Thursday, January 11, 2018

Decoding Bhima Koregaon, Nationalisms and History


                The violence orchestrated against the participants in the anniversary celebrations of the defeat of the Peshwas at Bhima-Koregaon this new-year eve, even while showing the desperate attempts by the votaries of upper caste domination of society, has also brought to the fore a debate on the use and abuse of history as a political weapon. All history, as Benedito Croce put it, is contemporary history; contemporary as in looking at the past from the concerns of the present and not as much as recent past. This, certainly is what history is capable of being and none, not even those who confuse history with chronicles, can wish away the use of history as a weapon.
                Thus, the defeat of the Peshwas, whose rule was marked by exploitation of the peasantry as was the case with the Moghuls who ruled the region before, by the forces commanded by the British and the foot soldiers consisted the Mahars, 200 years ago has now turned into a political weapon and the terrain happens to be the idea of the national. It is possible to read the events at Bhima-Koregaon in multiple ways. A plain reading of the battle in 1799 must lead to mere statements of facts: That an army, on behalf of the English East India Company, commanded by Englishmen gathered the Mahars, who had fought battles for other rulers earlier, defeated the army commanded by the Peshwa king and thus brought the region too under the company’s dominance.
                Historians, however, have not stopped there. Raising the question as to the what is it that led to the East India Company, a band of merchants who obtained exclusive rights to engage in trade with India (by an Act of English Parliament in 1600), waging battles and turning rulers, they located the answer in the transition in England in the 150 years after 1600. It was evident, by way of verifiable evidence, that from being traders in goods from the East and the Americas, Great Britain began to transform into an industrial nation and most importantly as manufacturers of textiles. The Industrial Revolution in England led to what historians have understood as colonialism and distinct from colonization. The two may have similarities and yet mark distinct developments in history.
                This transformation, indeed, was evident sometimes in the 1750s and historians have thus seen and established a connection between this and the fact that the Battle of Plassey was fought in 1757. The rest is history and it includes the battle at Bhima-Koregaon between the English-commanded army consisting the Mahars and the Peshwas, representing the pre-modern and pre-colonial. Neither is it possible to argue then that the Mahars represented the colonial order nor is it sensible to shout that the Peshwas were anti-colonial. The point is that such concepts as imperialism, colonialism and nationalism were not understood then, as they are now.
                The concept of imperialism, for instance, was first understood by J.A.Hobson in 1901 (incidentally the same year as Dadhabhai Naoroji came up with his thesis). And social scientists began grappling with the idea of the nation and nationalism only a couple of decades before Hobson arrived with his book titled Imperialism. Ernst Renan explained nations as an exercise in everyday plebiscite as late as in 1882. In other words, neither did anyone even think of such ideas as imperialism and nationalism in 1799 when the battle was fought.

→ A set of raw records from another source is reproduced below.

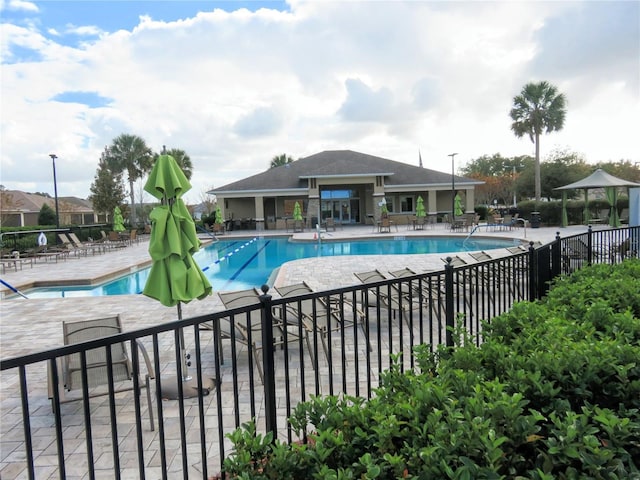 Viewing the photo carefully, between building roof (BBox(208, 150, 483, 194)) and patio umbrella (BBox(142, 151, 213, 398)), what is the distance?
1126 inches

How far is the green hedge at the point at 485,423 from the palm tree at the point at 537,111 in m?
→ 35.0

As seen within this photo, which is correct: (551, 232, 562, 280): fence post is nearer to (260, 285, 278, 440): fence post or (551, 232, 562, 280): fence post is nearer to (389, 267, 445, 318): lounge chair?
(389, 267, 445, 318): lounge chair

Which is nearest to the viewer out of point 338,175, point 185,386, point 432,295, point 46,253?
point 185,386

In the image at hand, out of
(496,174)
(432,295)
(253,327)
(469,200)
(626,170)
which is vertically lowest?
(253,327)

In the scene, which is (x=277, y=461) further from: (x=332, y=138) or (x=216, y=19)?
(x=332, y=138)

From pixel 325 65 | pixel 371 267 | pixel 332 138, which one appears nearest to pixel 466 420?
pixel 371 267

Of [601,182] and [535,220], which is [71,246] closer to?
[535,220]

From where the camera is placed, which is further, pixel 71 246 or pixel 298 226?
pixel 298 226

                This is where the debate that is now raging over the violence against those who assembled to observe the 200th anniversary of the Battle of 1799 in terms of nation, nationalism and anti-nationals ought to be contested. While the detractors of the celebrations, desperate in a democratic republican order guided by one-man-one-vote to retain their hold over the institutions of power were certainly guilty of un-constitutional acts and ought to be dealt with in that manner, those who have taken upon themselves the mantle of speaking for the event – Umar Khalid, Jignesh Mewani and such others with them from the intelligentsia and a section of historians too – are clearly guilty of abusing history as a political weapon.
                It ought to be stated that invoking or attributing to the British commanders and the Mahar foot-soldiers any revolutionary consciousness – whether in the social or in the economic sense of the term – is as un-historical as do the other side who describe the Peshwa rulers as nationalist. The science of history indeed teaches us against such inventions and fabrication. The battle of 1799, indeed, belongs to the same league as the revolt of 1857, when the rulers and chieftains rose against the British to save their privileges as rulers and ended up resurrecting Bahadur Shah Zafar as the emperor. The idea of nationalism in general and that emerged in India in particular fall in a distinct category that is modern and anti-monarchy.
                Let me conclude this citing one of the wonderful historians whose 1876 work on the Paris Commune continues to be read to this day, Prosper Olivier Lissagaray, to support this point: ‘Whosoever invents false revolutionary legends for the people, amuses them with lyrical tales, is no less guilty than a geographer who draws up misleading maps for navigators’.  In other words, give the discipline of history its due and desist from abusing it. History, indeed, is a weapon.